Securities dealers are losing their grip on short-term investment management for corporations, a study shows.
The study, conducted by Chicago-based Treasury Strategies Inc., found that securities dealers hold 53% of the market, down from 63% last year. Banks' share, meanwhile, has held steady at 23%, while that of investment managers has climbed to 10% from 4%.
The study was based on corporate liquidity management practices at 496 U.S. asset management clients. Companies participating in the survey all had annual revenues exceeding $50 million.
Anthony J. Carfang, partner at Treasury Strategies, said the rapidly expanding economy means many companies have unexpectedly high levels of operating cash. He placed the total corporate liquidity market at about $300 billion.
Because banks have ready access to the payment system and offer convenient ways to move funds, they may be best positioned to take advantage of the growth in investing.
"Convenience is a factor," Mr. Carfang said. "If the banks can make investing automated and convenient, and all money begins in a bank account, then banks have an opportunity to preempt securities dealers."
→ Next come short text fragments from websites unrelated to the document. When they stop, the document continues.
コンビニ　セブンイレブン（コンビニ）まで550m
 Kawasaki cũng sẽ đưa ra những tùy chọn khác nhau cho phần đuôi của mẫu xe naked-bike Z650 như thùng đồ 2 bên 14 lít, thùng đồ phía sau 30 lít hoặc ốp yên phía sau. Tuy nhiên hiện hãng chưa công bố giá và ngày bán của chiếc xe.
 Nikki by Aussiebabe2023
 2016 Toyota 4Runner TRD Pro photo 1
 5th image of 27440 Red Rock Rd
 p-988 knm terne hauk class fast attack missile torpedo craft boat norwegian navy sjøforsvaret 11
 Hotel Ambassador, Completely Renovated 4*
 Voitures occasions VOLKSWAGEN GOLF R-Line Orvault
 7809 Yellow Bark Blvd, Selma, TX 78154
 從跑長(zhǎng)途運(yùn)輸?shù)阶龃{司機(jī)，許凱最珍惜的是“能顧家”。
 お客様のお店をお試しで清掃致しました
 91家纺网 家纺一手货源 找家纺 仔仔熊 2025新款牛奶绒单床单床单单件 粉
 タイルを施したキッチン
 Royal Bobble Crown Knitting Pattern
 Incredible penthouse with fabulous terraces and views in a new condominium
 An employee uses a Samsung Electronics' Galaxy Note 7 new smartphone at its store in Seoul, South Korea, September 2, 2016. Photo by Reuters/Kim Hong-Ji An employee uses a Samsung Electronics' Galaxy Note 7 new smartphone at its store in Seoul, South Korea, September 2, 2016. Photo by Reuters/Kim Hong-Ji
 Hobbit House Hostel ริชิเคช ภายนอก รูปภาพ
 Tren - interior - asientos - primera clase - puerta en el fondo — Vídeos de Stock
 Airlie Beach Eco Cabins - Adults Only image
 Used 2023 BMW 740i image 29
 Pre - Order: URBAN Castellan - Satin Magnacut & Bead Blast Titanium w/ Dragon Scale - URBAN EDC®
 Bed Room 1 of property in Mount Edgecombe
Corporations increasingly invest in money market mutual funds, sweep accounts, government securities, and repurchase agreements, and less in commercial paper, the survey showed.
Mr. Carfang said he was surprised to find that about 35% of operating cash investments were managed by executives who spent less than 25 hours a month deciding where to place them.
"Some treasurers have decided to relegate investments to a lower level," Mr. Carfang said. "They are also putting corporate investors on a real short leash by saying, 'You can buy Treasuries, and you can only invest overnight,' so there's no way to screw up."
Securities dealers may "still have a commanding share," Mr. Carfang said, but banks are making inroads by linking cash management and demand deposit services with investment products, enabling a bank to automate investing.
James Graham, executive vice president at PNC Bank Corp., Pittsburgh, said corporations may favor the banking industry's approach to managing corporate assets.
"We try to provide convenience for the customers," he said, adding that just a few short years ago, "banks were more focused on providing cash flow services, but they were not making it really easy to make that investment decision."
Michael J. Rosenberg, vice president at Chase Manhattan Corp., said his bank this year has doubled the attention it devotes to corporate liquidity and investment management products.
He said improvements in the technology for serving asset management clients have brought more business to banks.
"We made it extremely easy for corporations to work with us," said Mr. Rosenberg. "The technology is so advanced now that the investment process is down to a science."
Mr. Carfang said he sees more corporations looking to invest in mutual funds than in past years.
"I think the fund companies are doing a nice job of getting in front of a corporate treasurer and telling their story," he said.